In the past 50 years, no President in modern American history has risked running afoul of the Emoluments Clause as it pertains to their personal dealings or holdings. Presidents Jimmy Carter, George H. W. Bush, Bill Clinton, and George W. Bush all placed personal holdings into blind trusts to avoid the appearance of a conflict of interest.

Another important note moving forward. The judgement from the Justice Department regarding President Obama's acceptance of the Nobel Peace Prize noted that "Corporations owned or controlled by a foreign government are presumptively foreign states under the Emoluments Clause." Which brings the conversation back around to President-elect Trump.

Conflicts of Interest and the Presidency

In the case of Donald J. Trump, conflict of interest questions are firing in from all sides because of his massive, global business empire. Trump's companies do business with entities around the globe, and it goes well beyond booking a few hotel rooms in a Trump Hotel in Washington DC.

Mr. Trump's ventures include, but are not limited to, real estate arrangements in Ireland and Uruguay where his company is the full owner or branding partner; the Bank of China as a tenant in Trump Tower and lender to another building his company owns in midtown Manhattan; and real estate deals in place with the government of Saudi Arabia.

A Murky Clause

When it comes to conflicts of interest and the Presidency of the United States of America, the argument often comes down to the interpretation of "emoluments." In their choice of that particular word, the Founding Fathers granted instant ambiguity unto the so-called Emoluments Clause of the Constitution. Merriam-Webster defines emoluments as "the returns arising from office or employment usually in the form of compensation or perquisites."

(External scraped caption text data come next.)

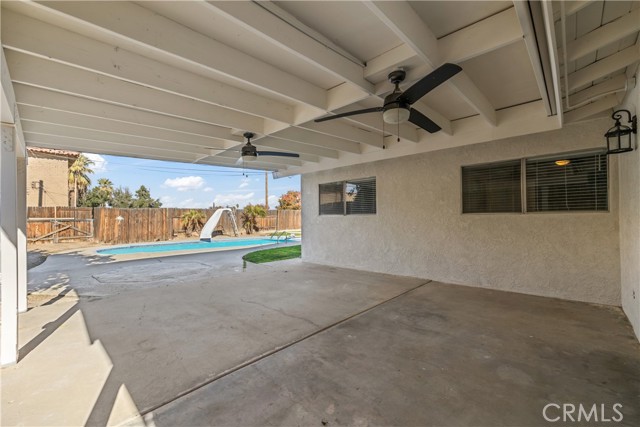 Detail Gallery Image 32 of 36 For 102 Irene St, Bakersfield,  CA 93268 - 3 Beds | 2 Baths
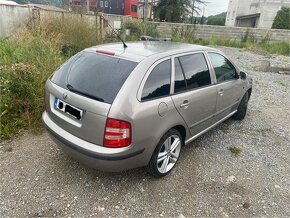 Škoda Fabia 1.9Tdi 74Kw 2007 Soul Sportline Bi-Xenon - 4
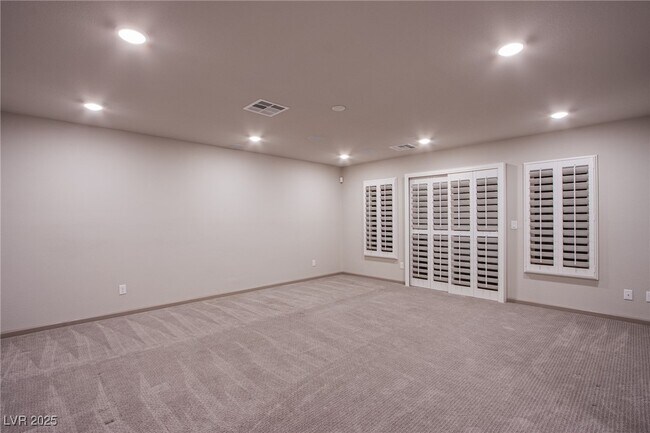 Building Photo - 8040 Haywood Estate Ave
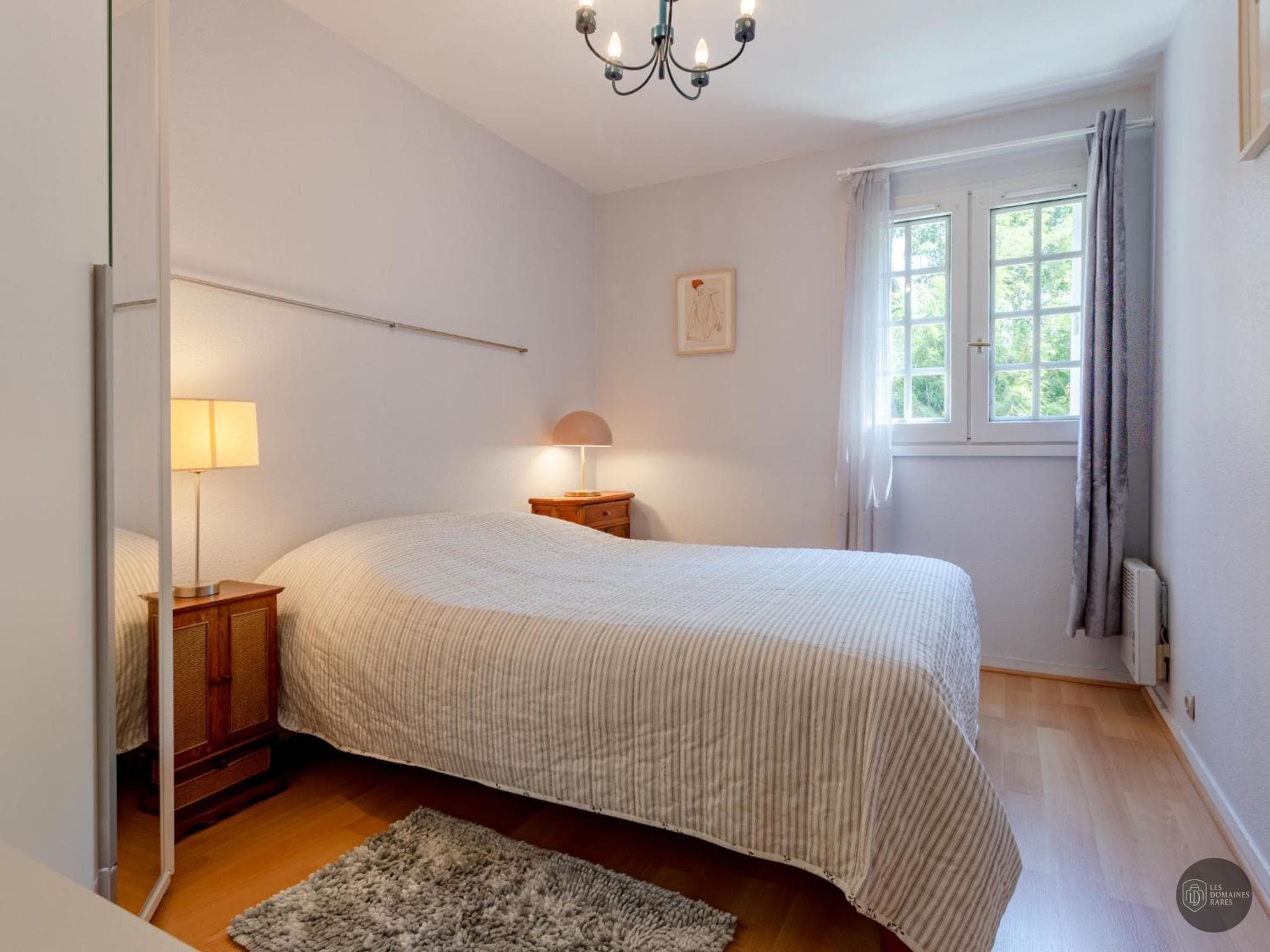 Chambre du lieu Pavillon Gabriel à Paris en Île-de-France - séminaire paris france coordonnées gps latitude : 48.867665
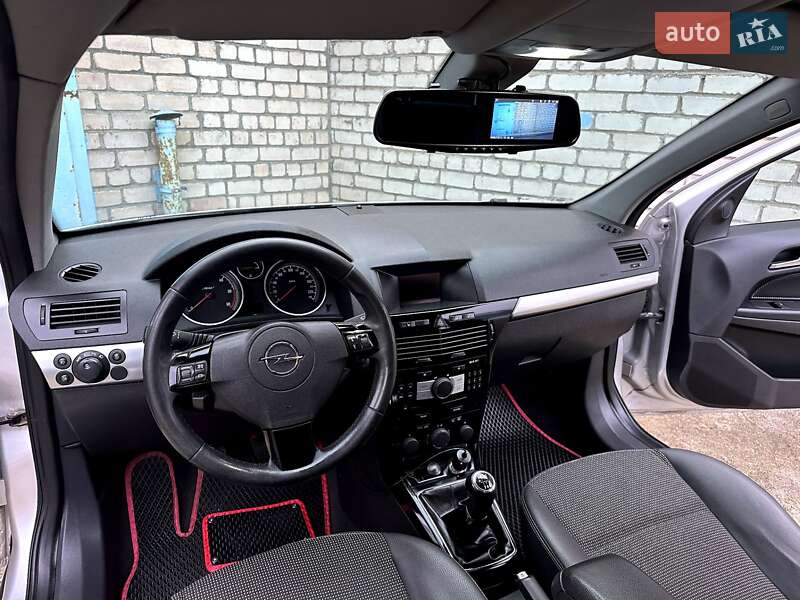 Универсал Opel Astra 2009 в Николаеве фото 29 Универсал Opel Astra 2009 в Николаеве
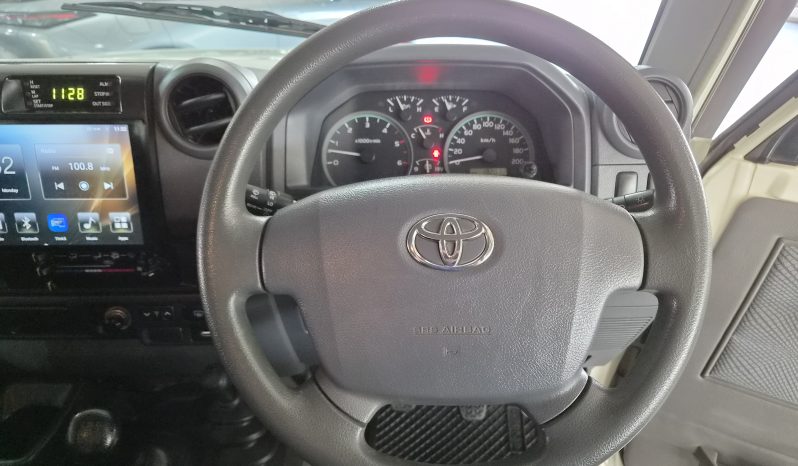 2015 Toyota Land Cruiser 76 4.5 D-4D V8 full
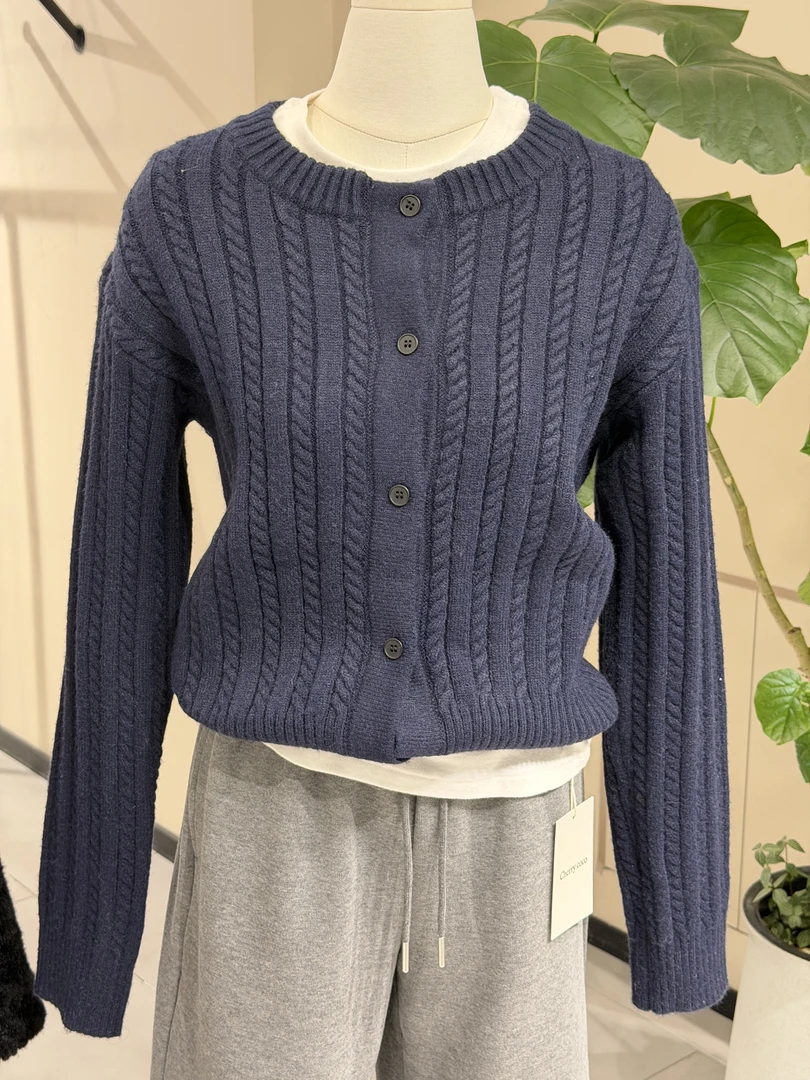 C25786-冬季新款显瘦百搭上衣麻花休闲短款针织开衫外套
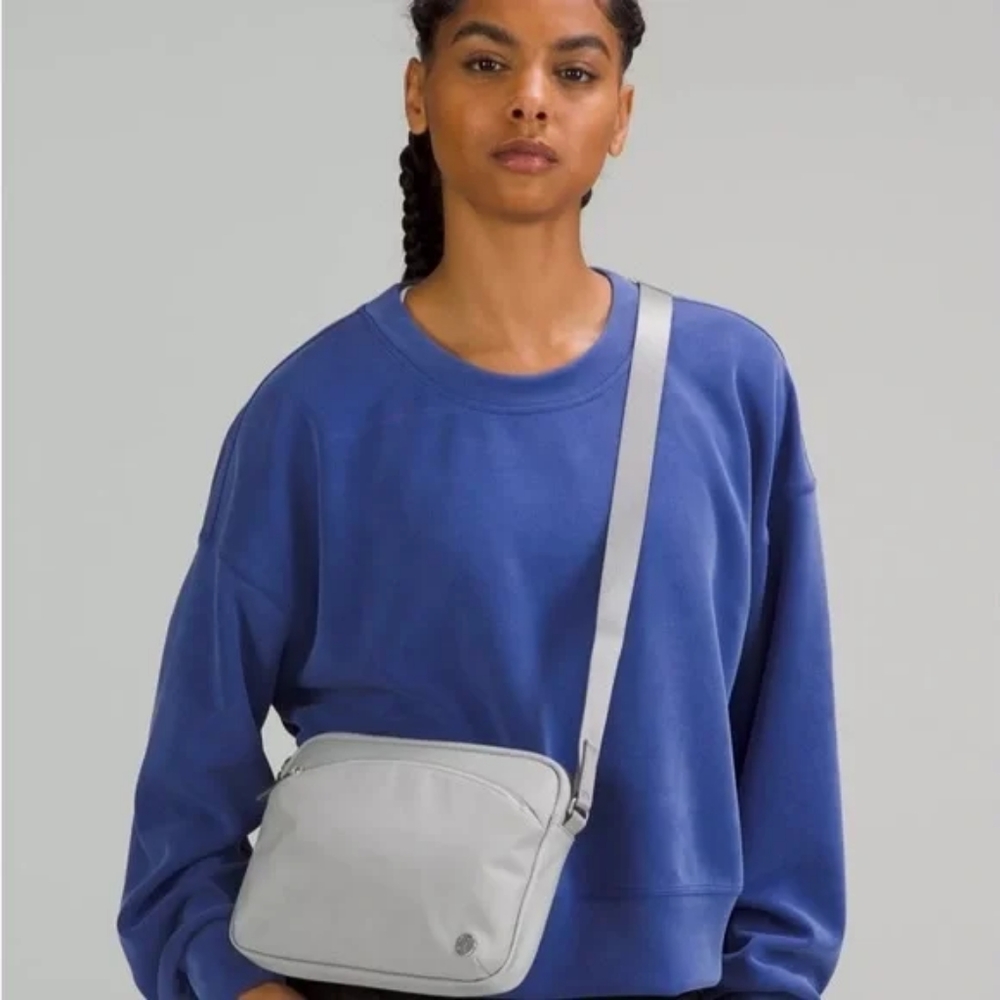 Lululemon City Adventurer Crossbody Bag 2.5L SILVERDROP light silver grey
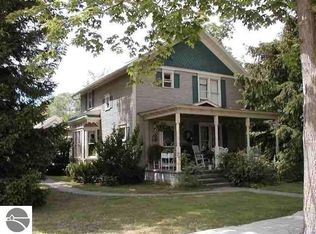 316 S Walnut St, Kalkaska, MI 49646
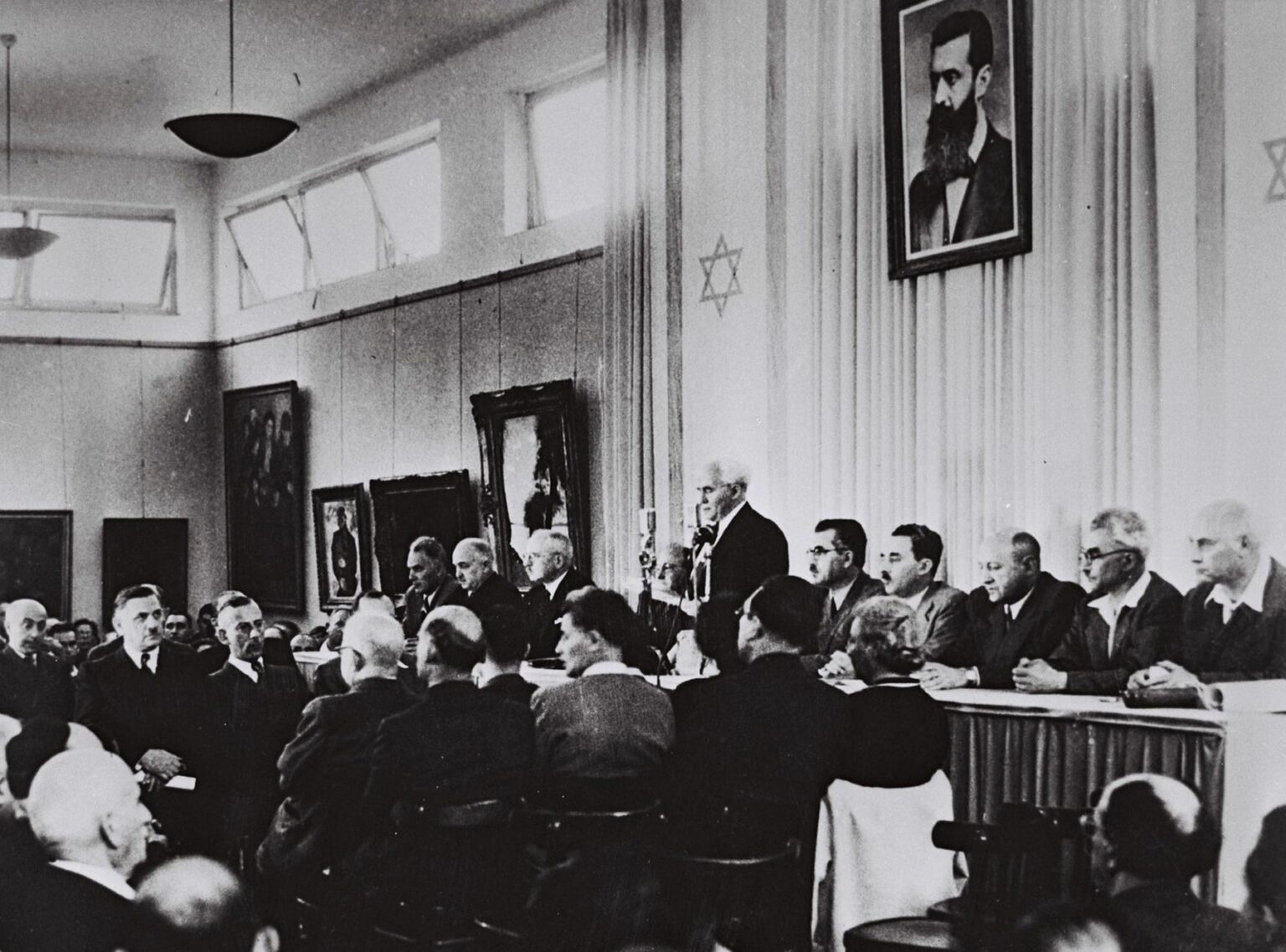 Izraelský predseda vlády David ben Gurion stojí počas oficálneho vyhlásenia štátu Izrael v Tel Avive 14. mája 1948. Zdroj: profimedia.sk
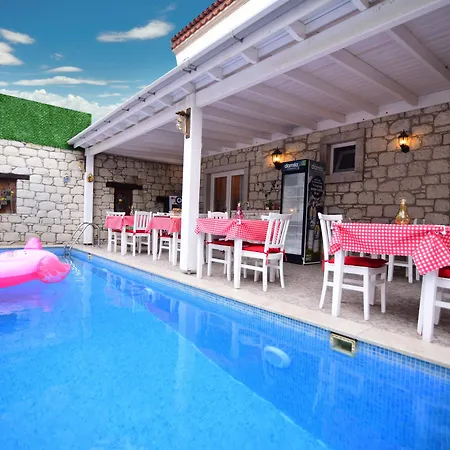 酒店 Zubeyde Hanim Alacati 2*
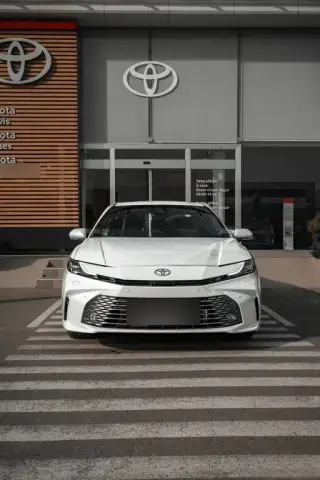 Toyota Camry 2026 — миниатюра 2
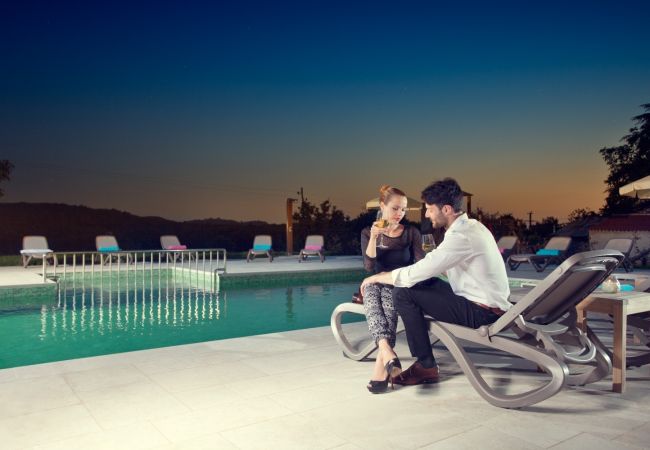 Villa in Grožnjan - Villa Poropati in Central Istria for up to 14 people with large garden & 81 m2 pool Villa in Grožnjan - Villa Poropati in Central Istria for up to 14 people with large garden & 81 m2 pool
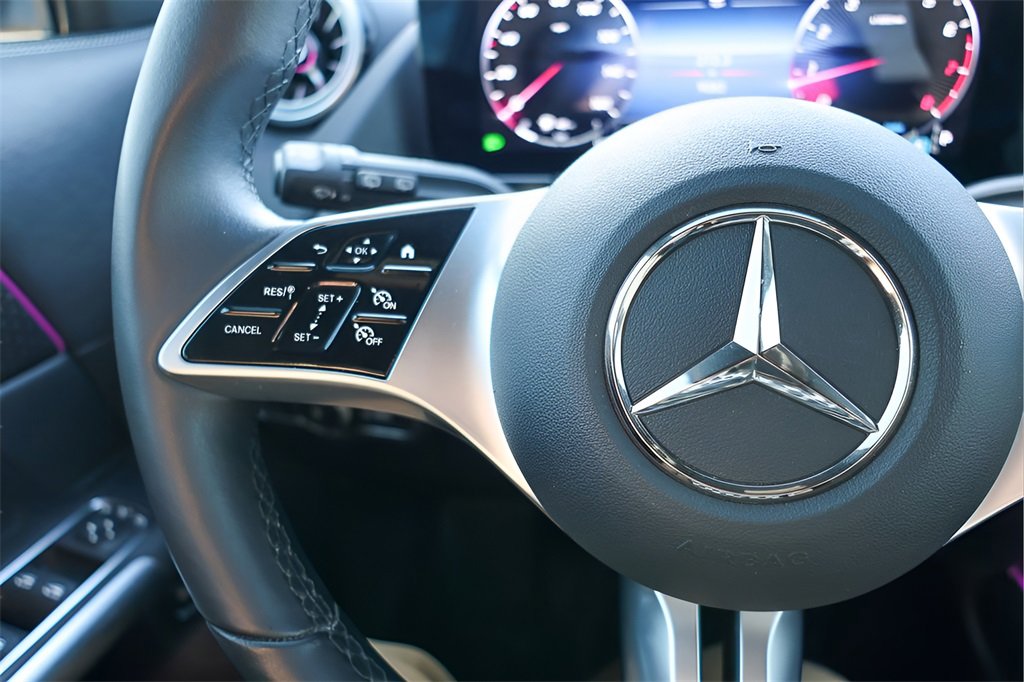 Used 2024 Mercedes-Benz GLA 250 image 14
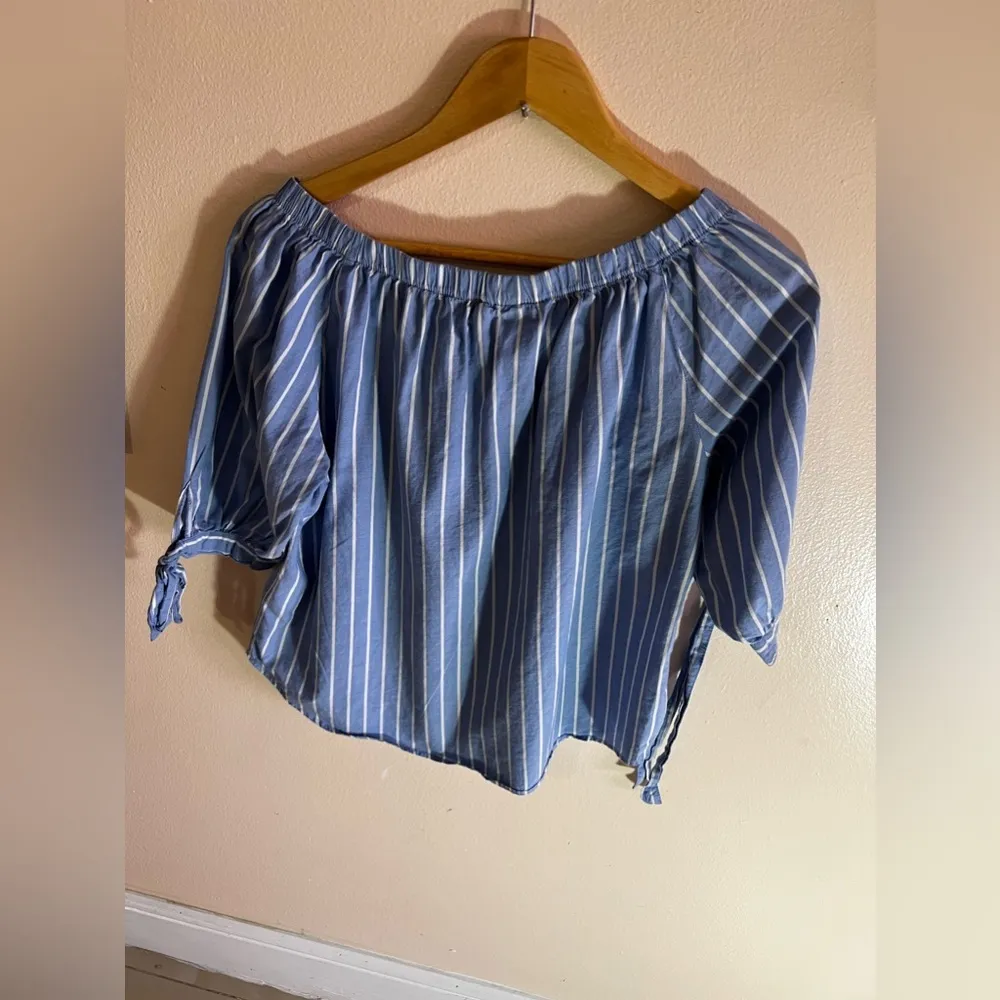 black and white striped flowy Round - Image 3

The choice of emoluments to define improper gifts or payments created a murky situation that has left more than one US President seeking the counsel of Congress on the potential violation of this clause. For example, President Andrew Jackson was offered a gold medal from Latin American revolutionary Simon Bolivar, who later became the president of Columbia. President Jackson believed he could not accept the gift and Congress agreed.

Further, President Martin Van Buren was offered numerous gifts (two Arabian horses, rose oil, rose water, cashmere shawls, and a Persian rug) from the imam of Muscat (modern Oman). Van Buren did not want to offend the imam, but felt he could not accept the gifts under the Emoluments Clause. He consulted Congress and eventually sold the gifts and deposited the proceeds in the US Treasury.

Even President John F. Kennedy turned down the offer of Irish citizenship from the government of Ireland because it was presumed this "title" was going to be in violation of the Emoluments Clause, and further that the clause did in fact apply to the President of the United States.

In the end, the Emoluments Clause leaves the door wide open for interpretation as to whether or not gifts and payments constitute a conflict of interest for a sitting president. Some believe that any kind of payment, gratuity or gift, as well as ordinary payments to a profit-making enterprise, violate the Emoluments Clause.

On the other hand, other scholars believe the conflict of interest set forth in the Emoluments Clause dispute that interpretation and believe fair market payments should not count. This argument is bound to continue, and will likely be viewed more through the lens of ethics. At the end of the day, many will rightly as "is it ethical for the President of the United States to accept payments from foreign actors?"

Donald J. Trump's administration will surely put the Emoluments Clause to the test, and his actions from day one of his administration will frame the application of this clause to the presidency and future conflicts of interest.